[SOURCE INFORMATION]:
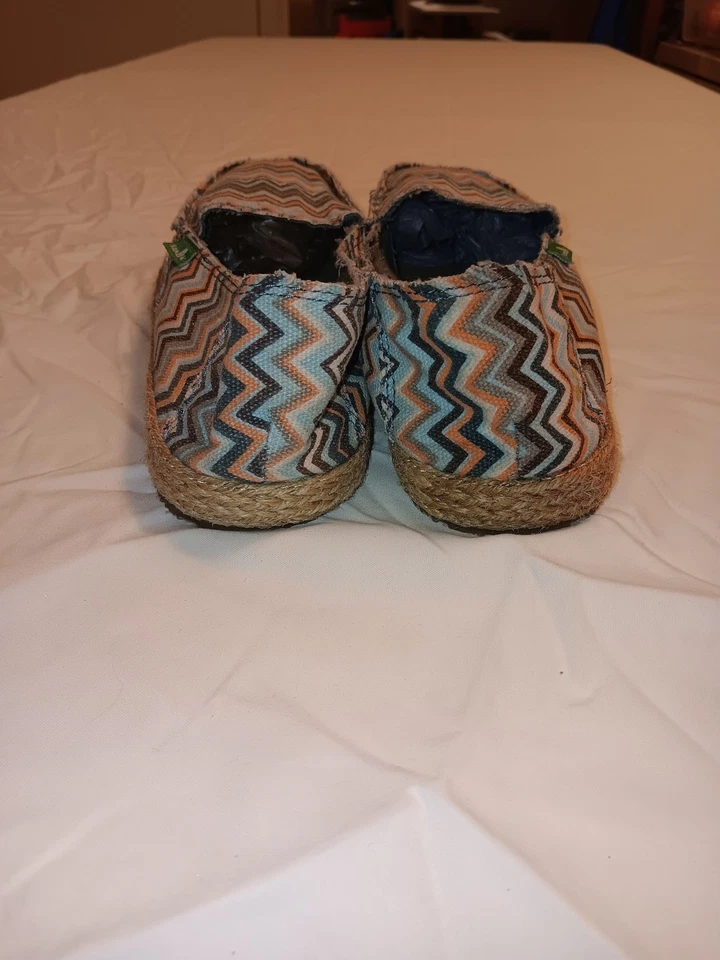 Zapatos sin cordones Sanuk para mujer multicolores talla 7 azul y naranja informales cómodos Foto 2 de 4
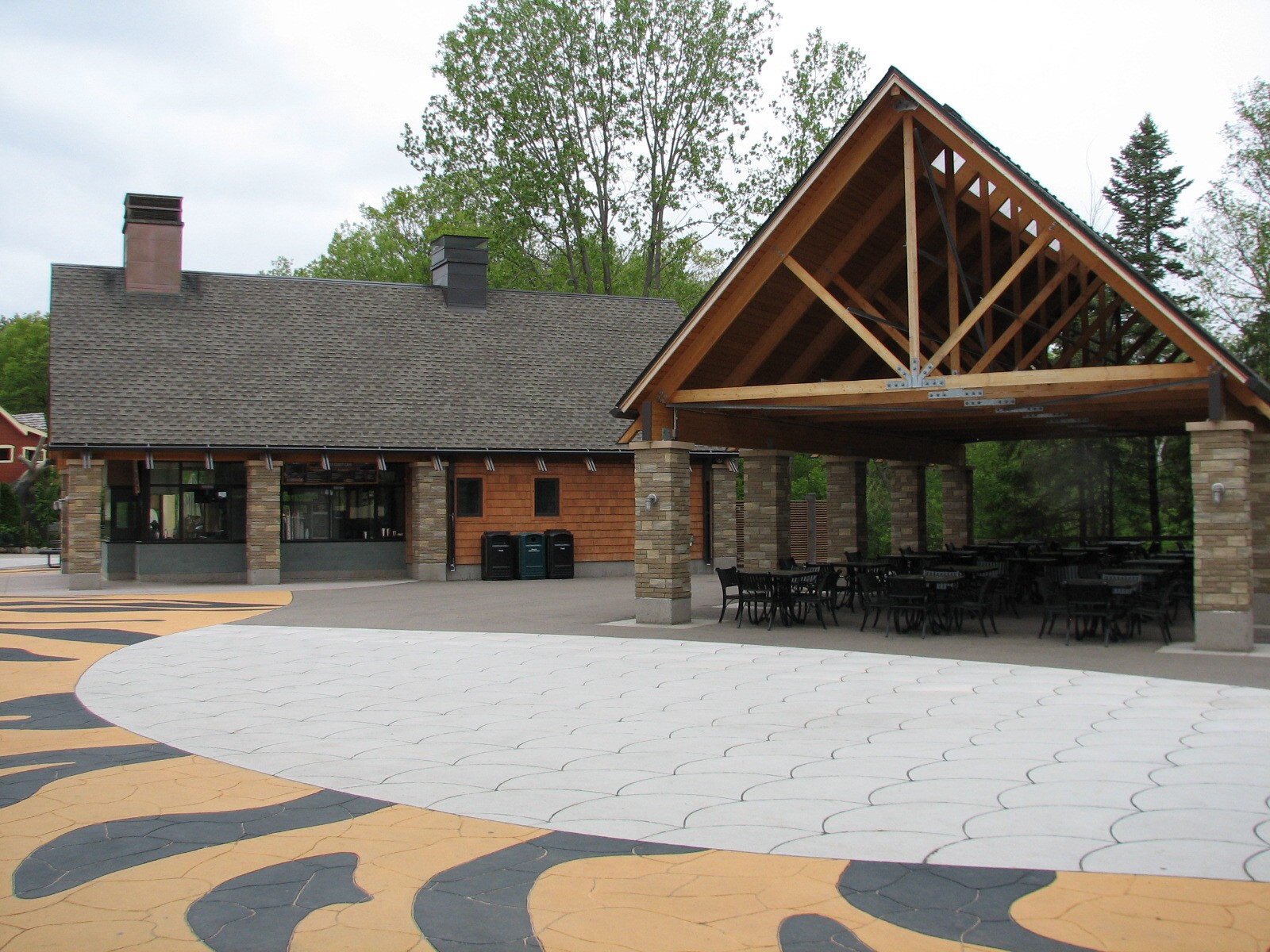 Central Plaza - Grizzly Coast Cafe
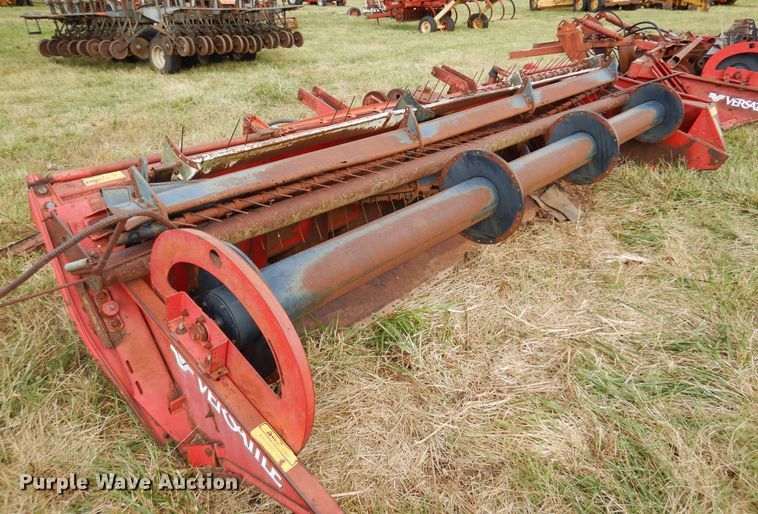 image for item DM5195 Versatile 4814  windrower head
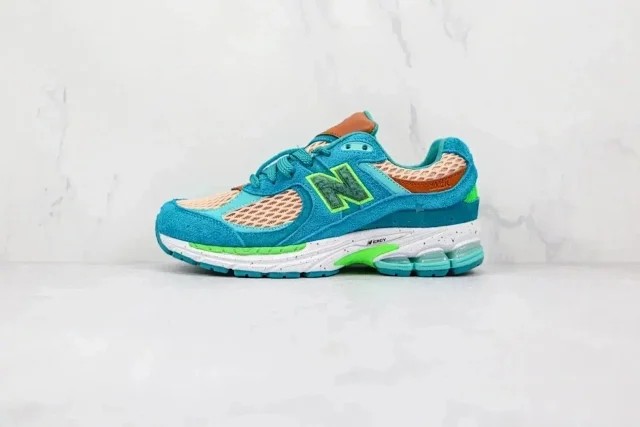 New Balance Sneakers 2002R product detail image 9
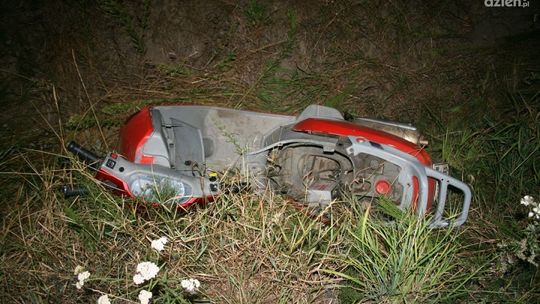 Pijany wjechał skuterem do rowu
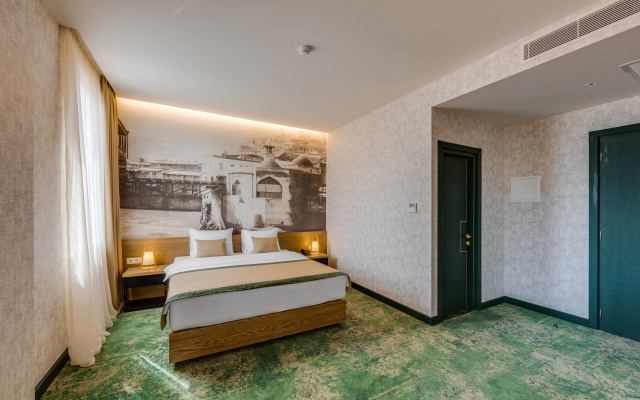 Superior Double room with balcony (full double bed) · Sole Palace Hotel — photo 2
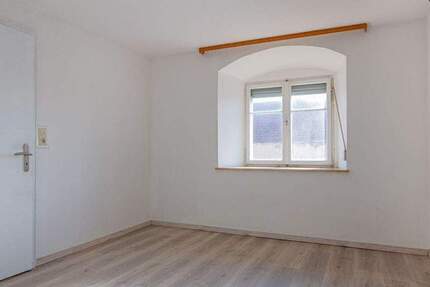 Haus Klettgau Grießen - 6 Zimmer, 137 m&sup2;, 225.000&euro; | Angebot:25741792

[WHAT YOU SHOULD DO]: Exactly as they stand, the entries must be written out again, pictures excluded.

[REPLY]:
 Zapatos sin cordones Sanuk para mujer multicolores talla 7 azul y naranja informales cómodos Foto 2 de 4
 Central Plaza - Grizzly Coast Cafe
 image for item DM5195 Versatile 4814  windrower head
 New Balance Sneakers 2002R product detail image 9
 Pijany wjechał skuterem do rowu
 Superior Double room with balcony (full double bed) · Sole Palace Hotel — photo 2
 Haus Klettgau Grießen - 6 Zimmer, 137 m&sup2;, 225.000&euro; | Angebot:25741792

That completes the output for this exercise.